* _DATA PROVIDED_

────────────────────────────────────────

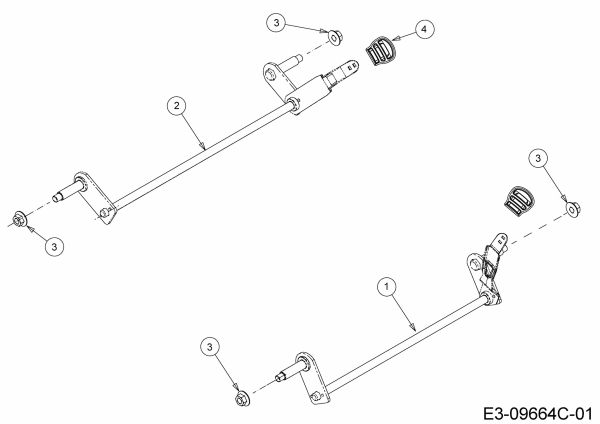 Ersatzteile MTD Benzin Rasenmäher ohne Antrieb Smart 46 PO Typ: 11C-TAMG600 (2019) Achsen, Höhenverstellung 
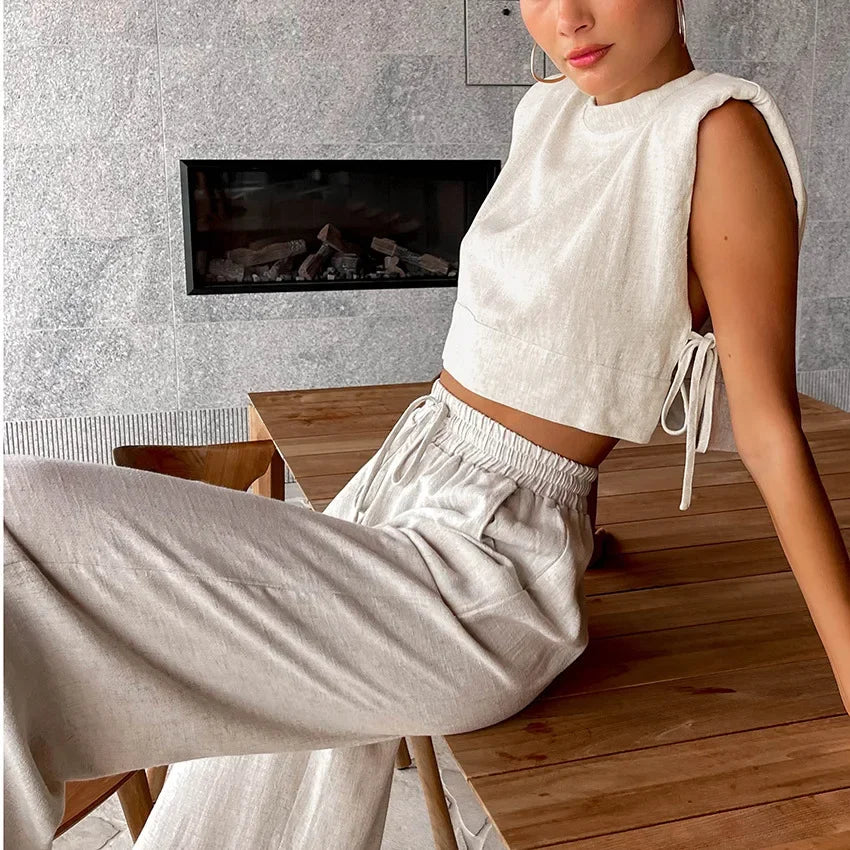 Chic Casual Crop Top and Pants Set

────────────────────────────────────────

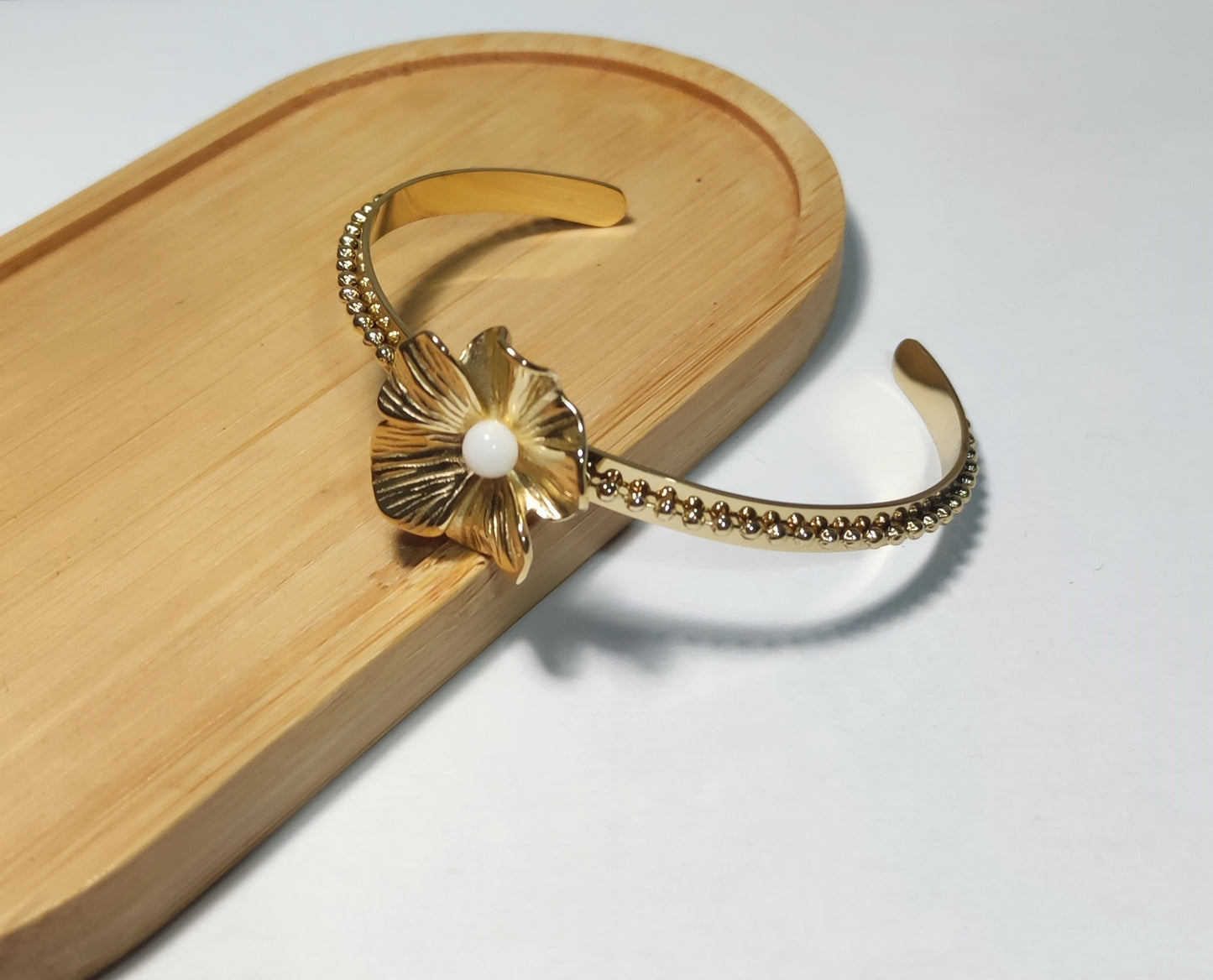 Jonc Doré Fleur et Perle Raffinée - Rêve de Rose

────────────────────────────────────────

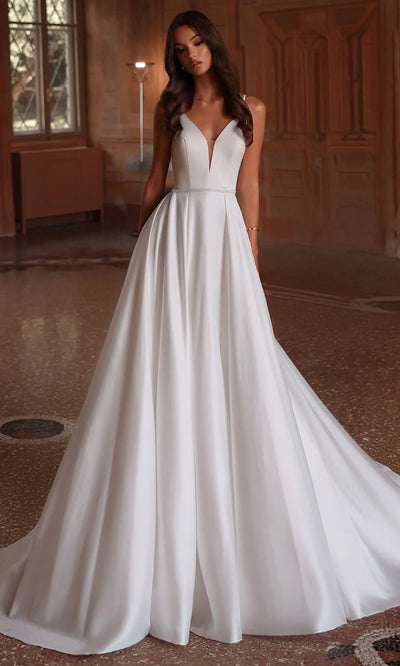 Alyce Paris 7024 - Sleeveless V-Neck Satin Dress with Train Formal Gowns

────────────────────────────────────────

* _TASK REQUIREMENTS_
Go back to the listing above and write out the lines starting at the one with "Ersatzteile MTD Benzin" and ending at the one with "Chic Casual Crop Top and Pants Set", inclusive, exactly and without pictures.

* _OUTPUT OF THE EXERCISE_
 Ersatzteile MTD Benzin Rasenmäher ohne Antrieb Smart 46 PO Typ: 11C-TAMG600 (2019) Achsen, Höhenverstellung 
 Chic Casual Crop Top and Pants Set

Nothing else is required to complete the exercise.